Augusto Gansser and the Himalaya

Rasoul Sorkhabi

Great things are done when men and mountains meet.        
William Blake (1757-1827), Gnomic Verses

The above quotation has a special significance for geologists. ‘Great works’ in regional geology are reports of reliable data, careful interpretations, and stimulating writings that contribute considerably to the geologic understanding of a part of our planet. Augusto Gansser, the reputed Swiss geologist who died on 9 January 2012 at his home in Lugano, southern Switzerland at age 101, belonged to a generation of pioneer Himalayan geologists whose fieldworks, ideas and publications lay the foundations of our geologic knowledge of these majestic, sacred, and scientifically significant mountains. Augusto Gansser was a ‘romantic geologist.’
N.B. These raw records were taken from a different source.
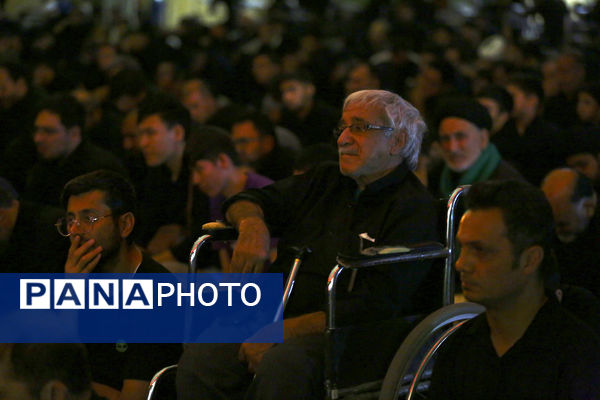 حال و هوای مسجد جمکران در شب عاشورای حسینی(ع)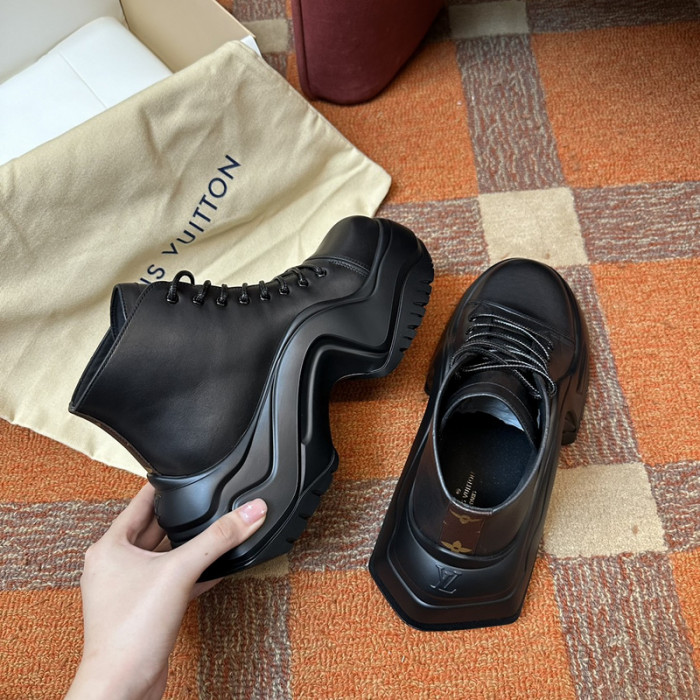 LUSV SNEAKERS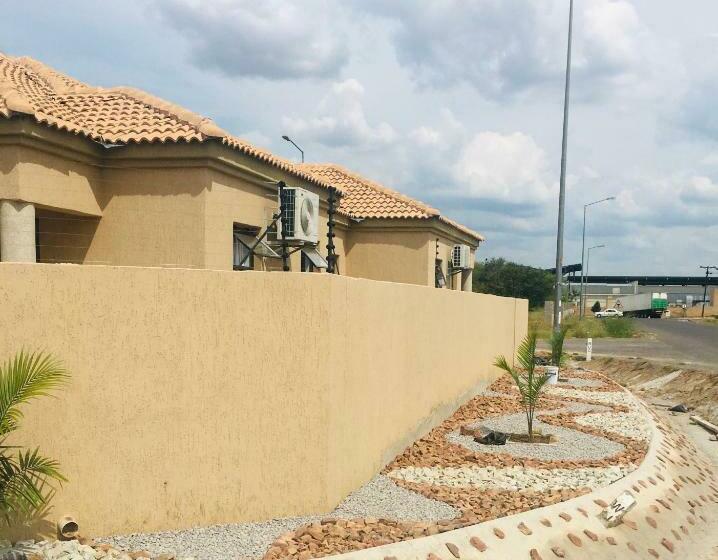 تختخواب و صبحانه Infinity Bnb Gaborone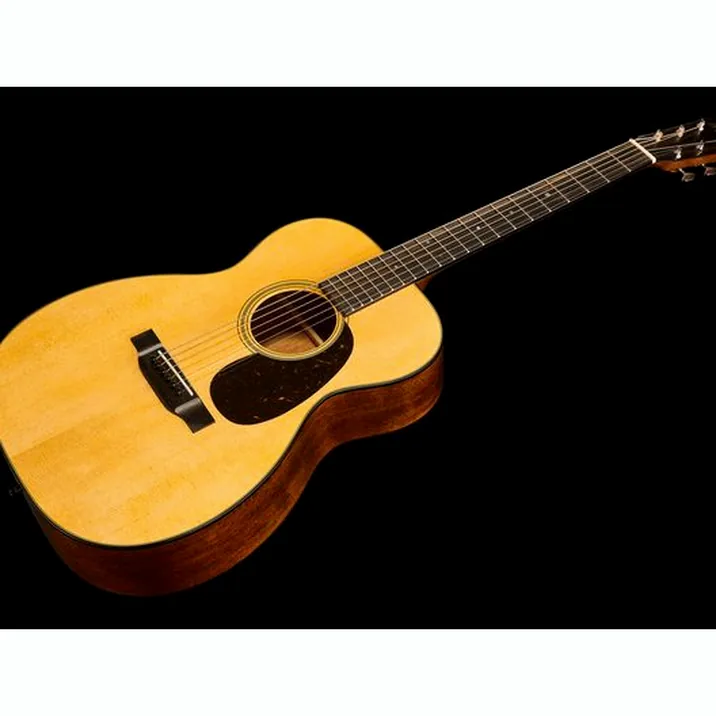 Martin Guitars 00 18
From the Alps to the Himalaya
Augusto Gansser, the eldest of his four siblings, was born on 28 October 1910 in Milan, Italy to a Swiss father and a German mother. In 1914, just before World War I, his family moved to Lugano where the young Augusto grew up and went to school. Fascinated by Alpine rocks and landscape, Gansser studied geology at the University of Zürich and obtained his doctorate in 1936 with a thesis on the structural geology and petrography of southeast Swiss Alps.

Augusto Gansser. (Rasoul Sorkhabi)

Augusto Gansser. (Rasoul Sorkhabi)

In 1936, Arnold Heim (1882-1965) asked Gansser to join him on the first Swiss expedition to the Himalaya. Arnold Heim was the son and student of Albert Heim, the legendary Alpine geologist at the University of Zürich. Heim’s and Gansser’s eight-month journey in 1936 to the Himalaya is narrated in a fascinating travelogue, The Throne of the Gods (1938 in the title so chosen because the Hindus and the Buddhists regard the Himalaya with such veneration. The book is profusely illustrated with ‘220 plates in photogravure, 18 sketches in the text, 11 musical items, 2 panoramas and 1 relief map’. Heim and Gansser flew on a two-winged ‘Douglas’ airplane of the Dutch KLM airlines from Italy (with a stop at Gaza, Palestine) to Delhi, India. The day of their flight, 19 and 20 March, fell on Spring Equinox. The region Heim (‘Bara Sahib’ as porters and local guides called him) and Gansser (‘Chota Sahib’) planned to map was part of the Kumaun Himalaya in India bordering Nepal and Tibet (the latter countries were not open to foreigners in those years). Heim and Gansser also climbed (solo or together) several peaks and nearly twenty mountain-passes ranging in altitude from 5000 to 6000 m (listed in the last chapter of The Throne of the Gods).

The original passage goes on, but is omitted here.